Add chunk sizing options; ensure we sum duplicates.

TutteInstitute · Jun 25, 2020 · 50f309e · 50f309e
1 parent 5c67a32
commit 50f309e
Showing 1 changed file with 14 additions and 0 deletions.
diff --git a/vectorizers/_vectorizers.py b/vectorizers/_vectorizers.py
@@ -967,6 +967,11 @@ def token_cooccurrence_matrix(
         symmetric: counts tokens occurring before and after as the same tokens
         directional: counts tokens before and after as different and returns both counts.
 
+    chunk_size: int (optional, default=1048576)

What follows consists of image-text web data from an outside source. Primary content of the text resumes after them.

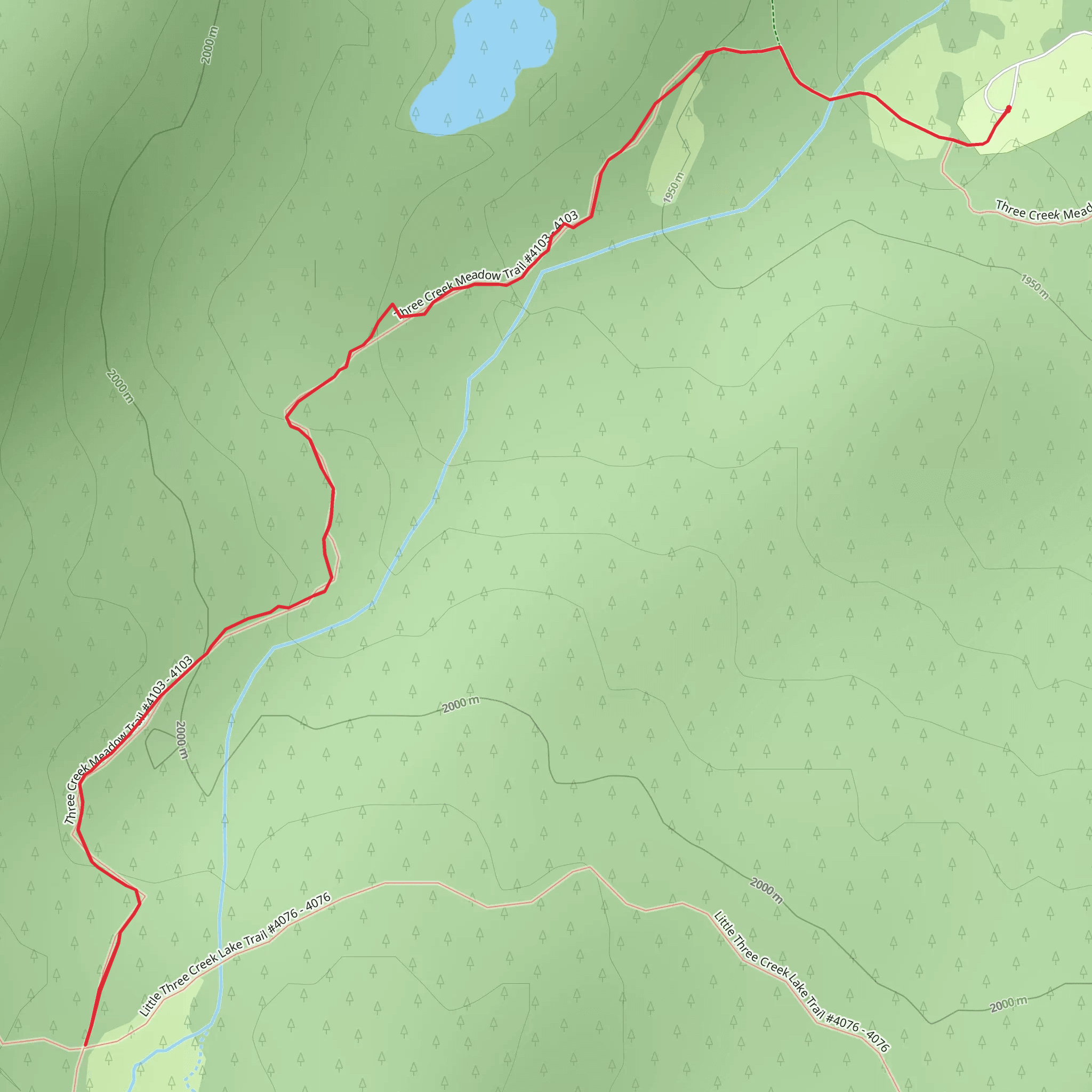 Three Creek Meadow Trail mobile static map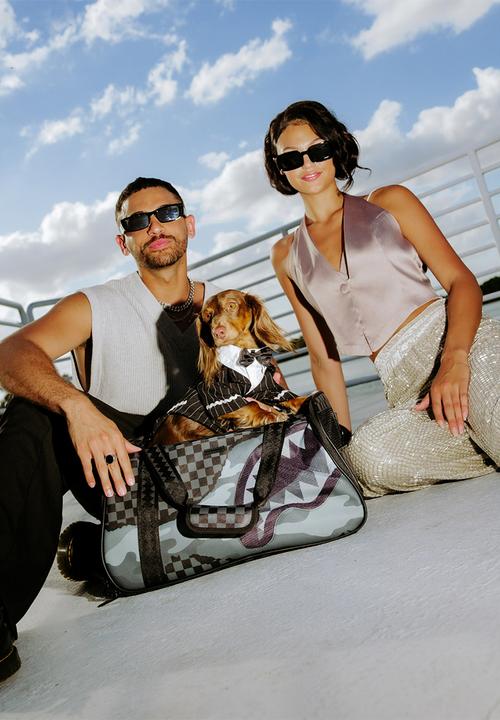 Sprayground - Split up camo tear: pet carrier - black & grey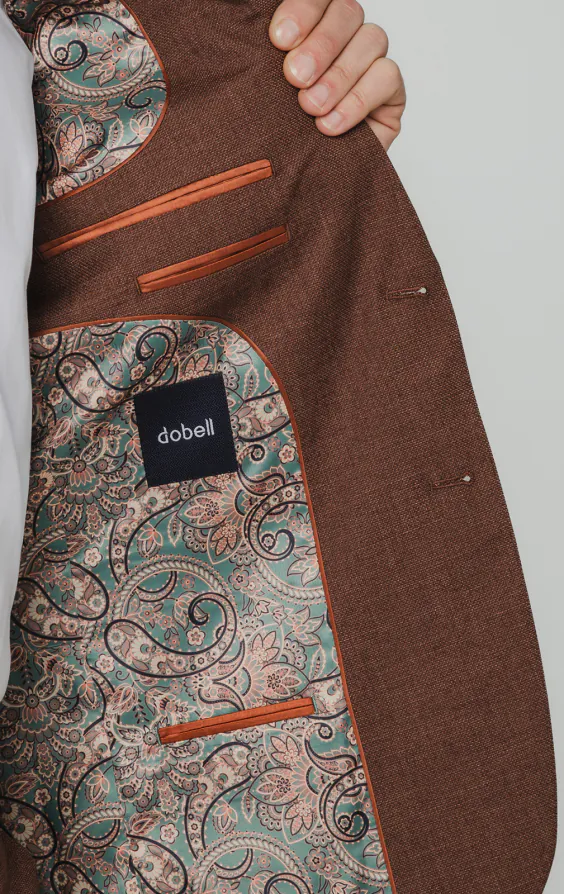 Rust Brown Textured Weave Suit Jacket - photo 4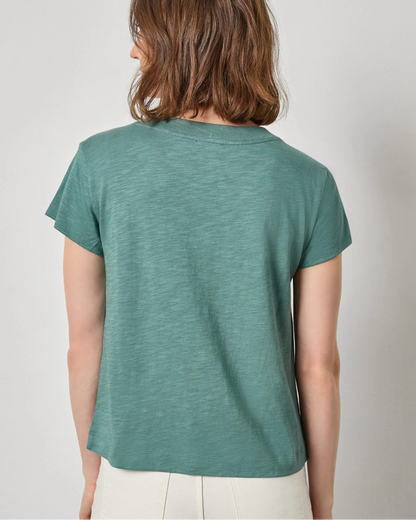 Relaxed Short Sleeve V-Neck Tee in Eucalyptus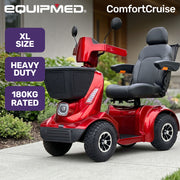 EQUIPMED ComfortCruise Large Mobility Scooter, 15km/h Top Speed, Up to 45km Range, Strong Climbing, 180kg Capacity, Red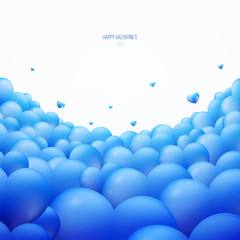 Abstract background with realistic 3D colorful romantic valentine hearts. Easy use for greeting card, cover, poster, flyer. Vector illustration.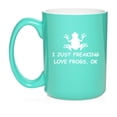 thumbnail image 1 of I Just Freaking Love Frogs Funny Ceramic Coffee Mug Tea Cup Gift for Her, Him, Friend, Coworker, Wife, Husband (15oz Teal), 1 of 1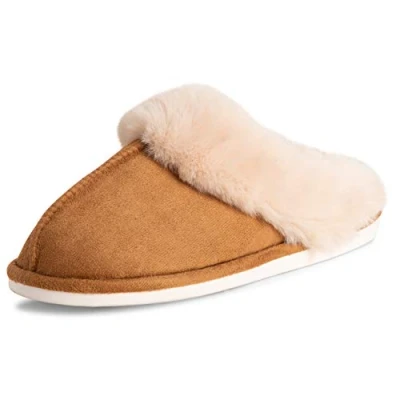 Image of Polar Womens Memory Foam Duel Size Luxury Rubber Sole Plush Faux Fur Cozy Comfort House Outdoor Winter Slippers Tan UK9 10/EU42 43 EA0612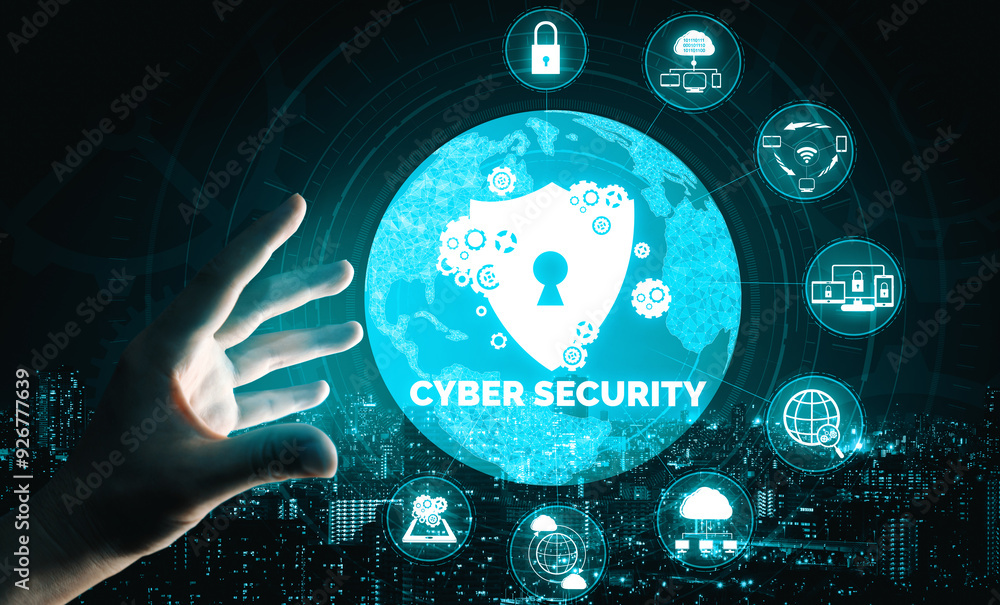 Poster cyber security and digital data protection concept. icon interface showing secure firewall technolog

+        When processing token sequences, break the list of sequences into
+        chunks of this size to stream the data through, rather than storing all
+        the results at once. This saves on peak memory usage.
+
     Returns
     -------
     cooccurrence_matrix: scipyr.sparse.csr_matrix
@@ -1004,6 +1009,7 @@ def token_cooccurrence_matrix(
             shape=(n_unique_tokens, n_unique_tokens),
             dtype=np.float32,
         )
+        cooccurrence_matrix.sum_duplicates()
 
     if window_orientation == "before":
         cooccurrence_matrix = cooccurrence_matrix.transpose()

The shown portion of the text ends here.